--- Information provided Enclosed Below ---
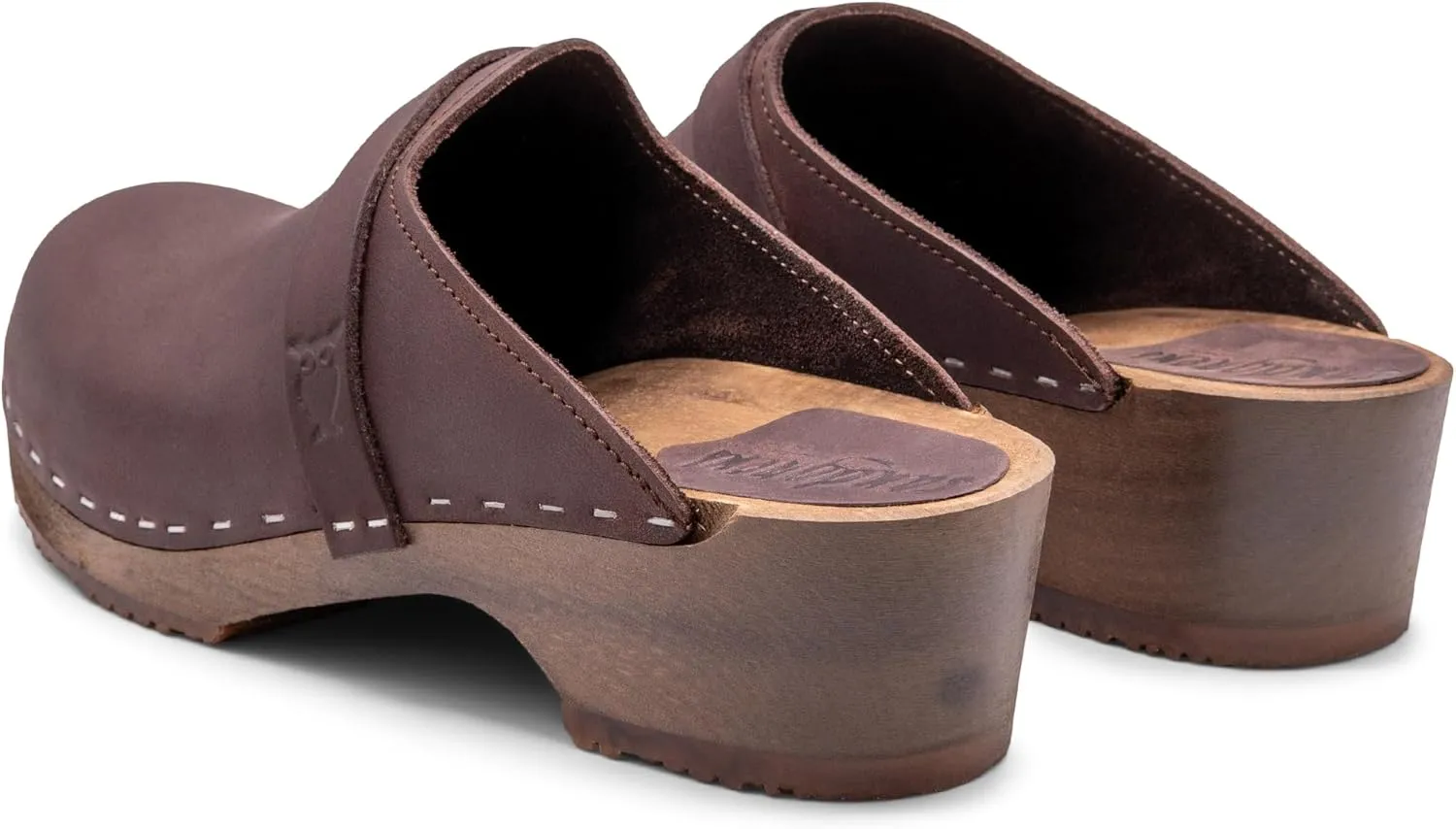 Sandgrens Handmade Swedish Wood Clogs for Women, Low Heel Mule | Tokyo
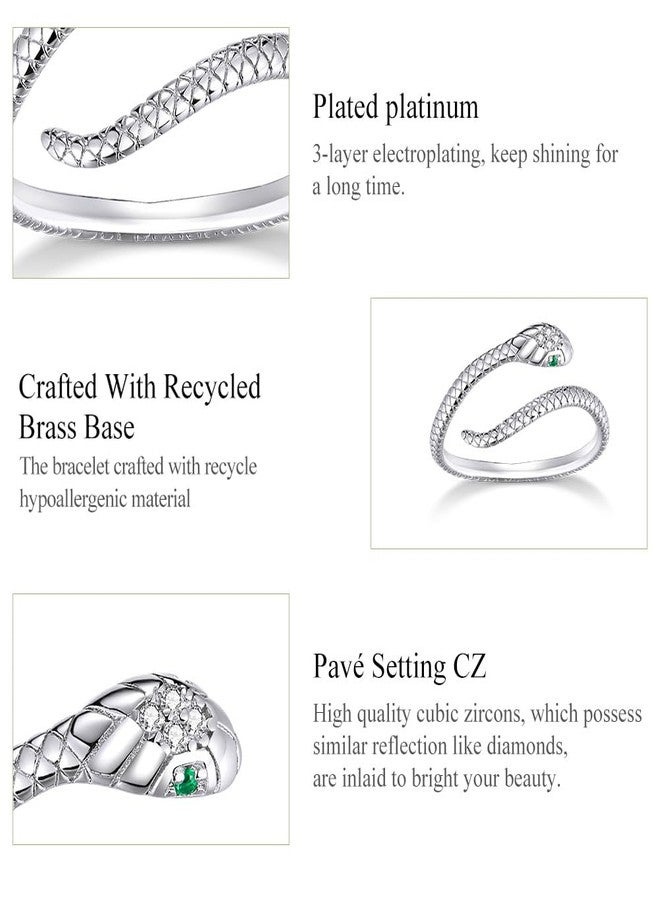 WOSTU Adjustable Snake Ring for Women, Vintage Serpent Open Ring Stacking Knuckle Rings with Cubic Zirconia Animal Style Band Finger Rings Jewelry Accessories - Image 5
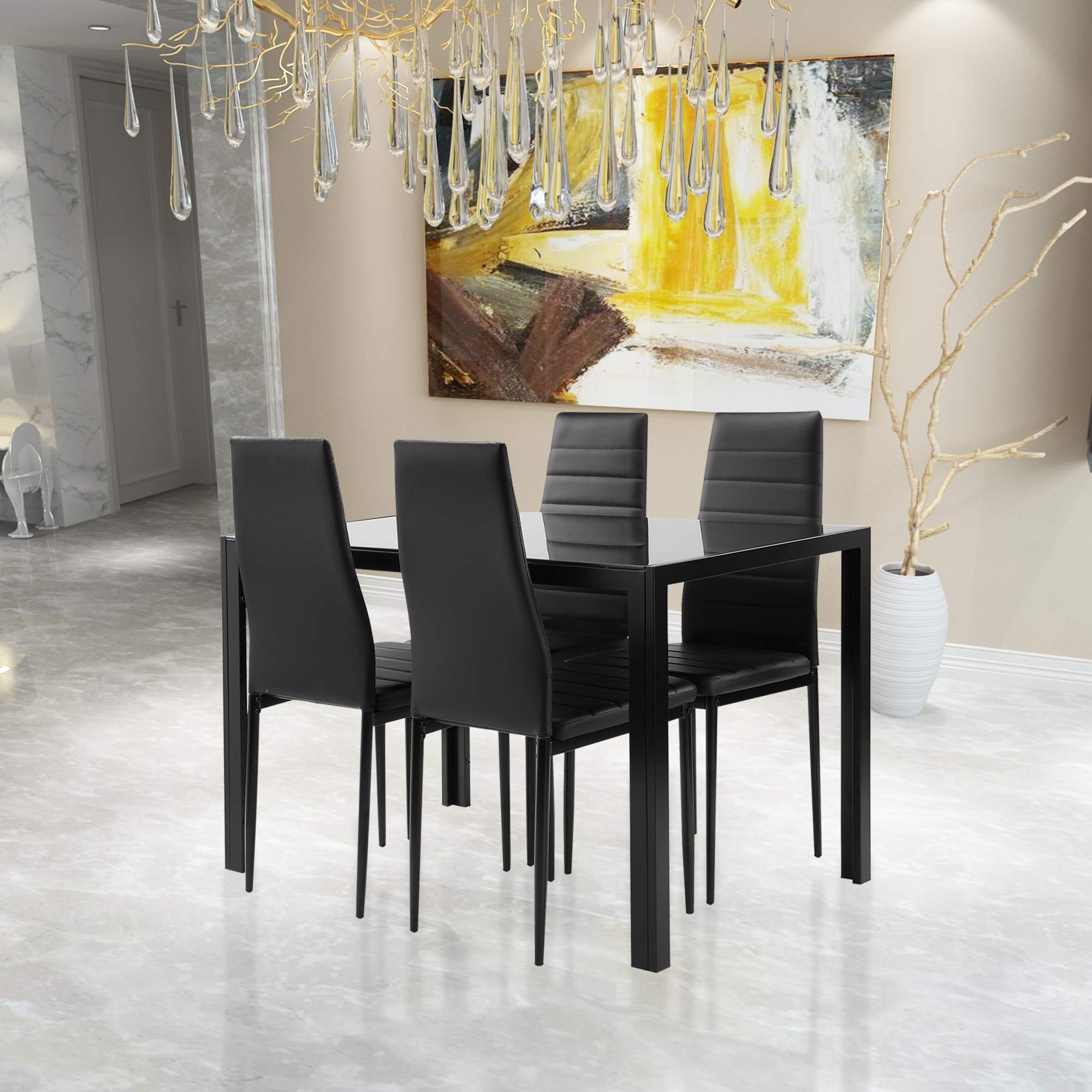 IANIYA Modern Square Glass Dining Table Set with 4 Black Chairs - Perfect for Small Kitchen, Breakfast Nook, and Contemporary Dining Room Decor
--- End of Enclosed Information provided ---
▶ _Description of the task_
The material is to be written out word for word, and the pictures are to be left out.

▶ _Exercise solution_
 Sandgrens Handmade Swedish Wood Clogs for Women, Low Heel Mule | Tokyo
 WOSTU Adjustable Snake Ring for Women, Vintage Serpent Open Ring Stacking Knuckle Rings with Cubic Zirconia Animal Style Band Finger Rings Jewelry Accessories - Image 5
 IANIYA Modern Square Glass Dining Table Set with 4 Black Chairs - Perfect for Small Kitchen, Breakfast Nook, and Contemporary Dining Room Decor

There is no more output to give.